→ **WORK ORDER**
Without including any images, repeat the listing below exactly.

(Beginning of DATA BLOCK)

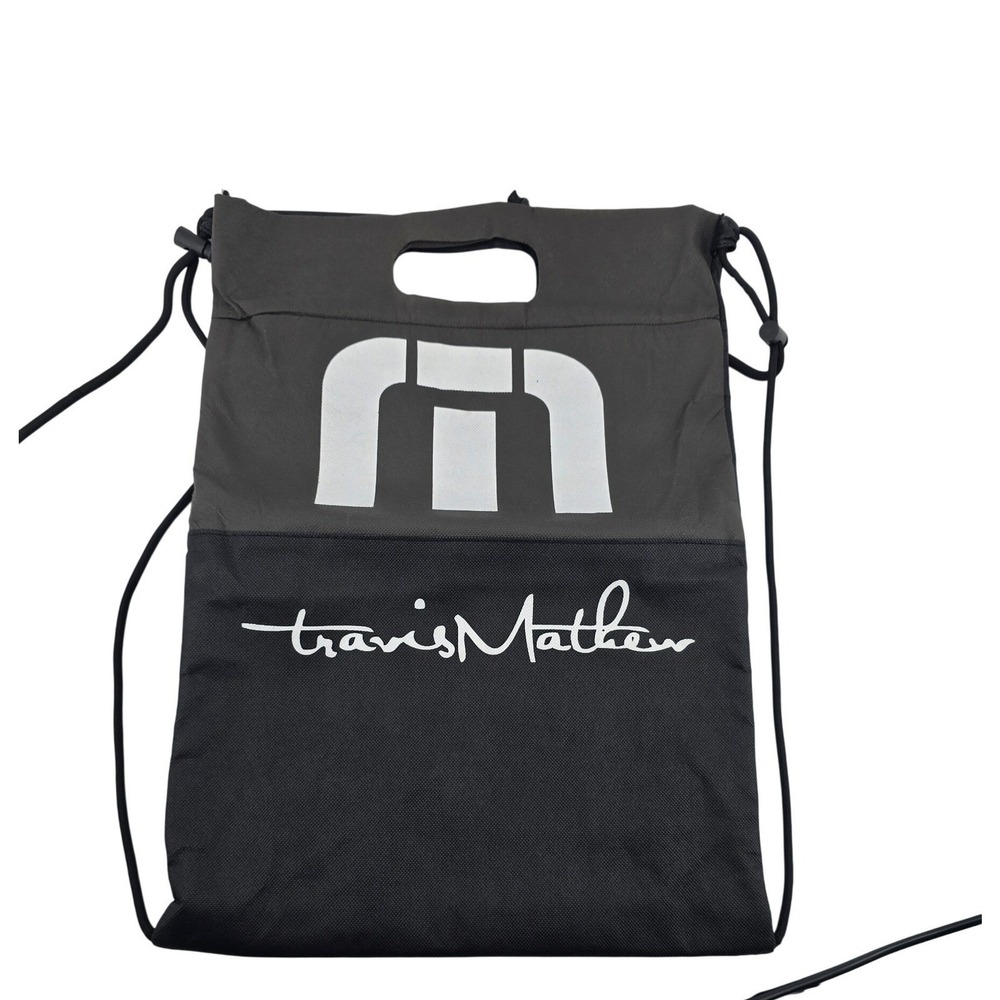 Travis Mathew Drawstring Bag Unisex OS Cooler Backpack Black Insulated EUC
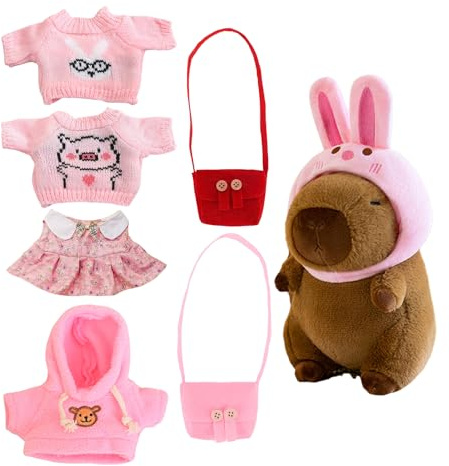Genérico Peluche Capibara 9IN Incluse | Adorable | Set de Pinces | Capibara en Tissu Doux | Jouet avec Accessoires | Cadeau pour et bébés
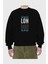 London City Yazılı Ön Baskılı Siyah Oversize Sweatshirt Erkek Kadın Bisiklet Yaka 2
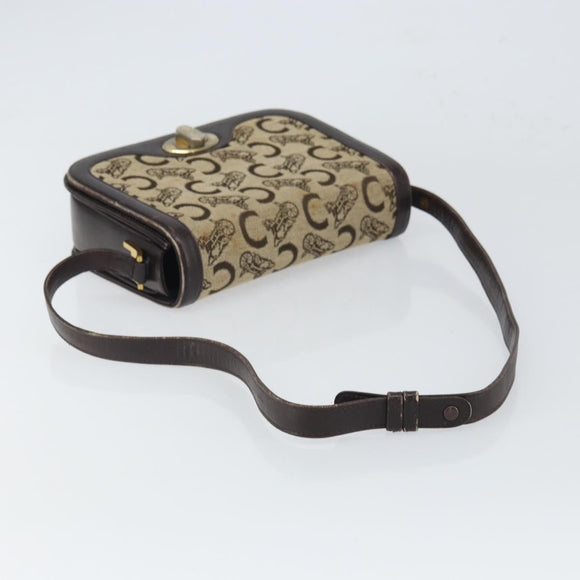 CELINE C Sulky Shoulder Bag Canvas Beige Gold Auth 166644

(End of DATA BLOCK)

→ **EXERCISE SOLUTION**
 Travis Mathew Drawstring Bag Unisex OS Cooler Backpack Black Insulated EUC
Genérico Peluche Capibara 9IN Incluse | Adorable | Set de Pinces | Capibara en Tissu Doux | Jouet avec Accessoires | Cadeau pour et bébés
 London City Yazılı Ön Baskılı Siyah Oversize Sweatshirt Erkek Kadın Bisiklet Yaka 2
 CELINE C Sulky Shoulder Bag Canvas Beige Gold Auth 166644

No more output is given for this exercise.